In this case study, I use POQ to calculate Optimal Quantities to Order because some the parts are made by company's plastic-molding machines in an assembly operations and units can be assumed that are received incrementally during production. We also have the following assumptions:
- Only one item is involved because each type of toy has its own assembly line, only one toy can be assembled at a time on this line.
- Annual Demand is known
- Usage rate is constant
- Usage occurs continually but production occurs periodically
- The production rate is constant ( i.e. production rate of Toy Auto is 3500,
Toy Truck, 1750; Toy Robot, 2333)
- There are no quantity discounts
Thus, we have to find out the Set up cost, Holding cost, Demand per year, Demand per week and production rate.
Therefore, we have
Ø Set up Cost:
According to the case study, we have the shop labor rate is the sum of $6 per hour for wages, 33% fringe benefits and $6 per hour charged for overhead. Moreover, line 1 has 10 workers who engage in assembly. Thus, the setup cost is:
S = 1 hour * 10 workers * ( $6 wages + 0.33*6 benefits+ $6 overhead )= $140
Ø Holding Cost:
There is some ambiguity here. The subcomponent costs in Exhibit 4 do not always add up to the Cost Each (e.g. the cost for Auto is $3.9) which is level 0 item cost. So I assumed that Line 1 labor costs (at a fully burdened $6 + 0.33*6 + $6 = $ 14 per hour) were not included.

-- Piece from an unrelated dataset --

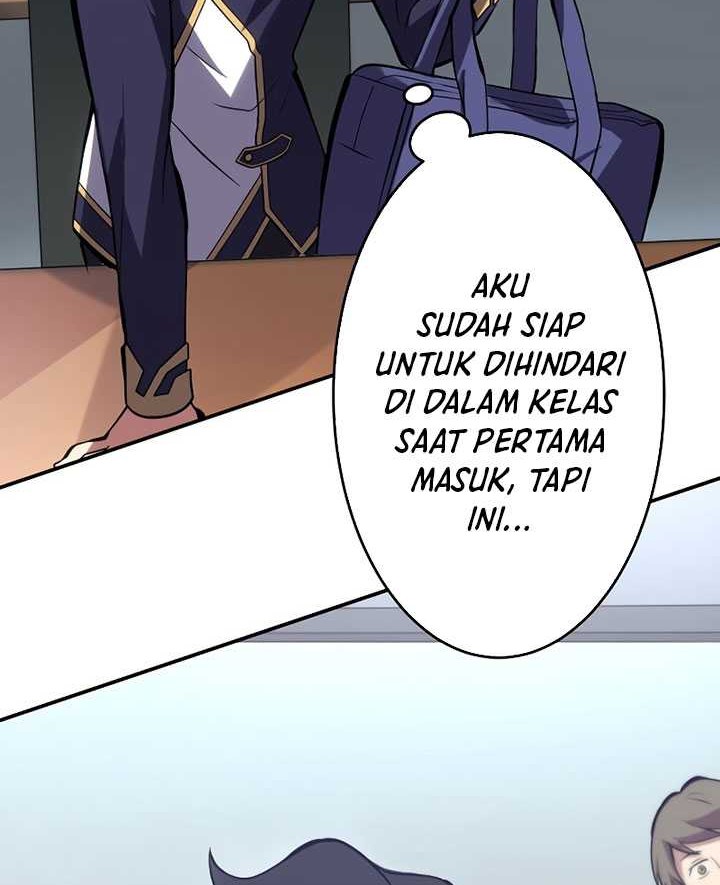 Zero: Beyond the Future with Space-Time Magic Bab 10 halaman 51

Hence, Item Cost per unit is the sum o f Cost Each Item and the labor cost per item. You can see the results of Item Cost in Excel worksheet. (The labor cost per item here is equal to labor cost per hour times the hour to make one toy.
It takes 0.1 hour to make one Auto and the labor cost per hour is $14. Therefore, the labor cost per item is: C = 0.1 * 14 = $1.4 )
As a result, we can have the Holding Cost which i s 25% per year:
H = 0.25 * Item Cost per unit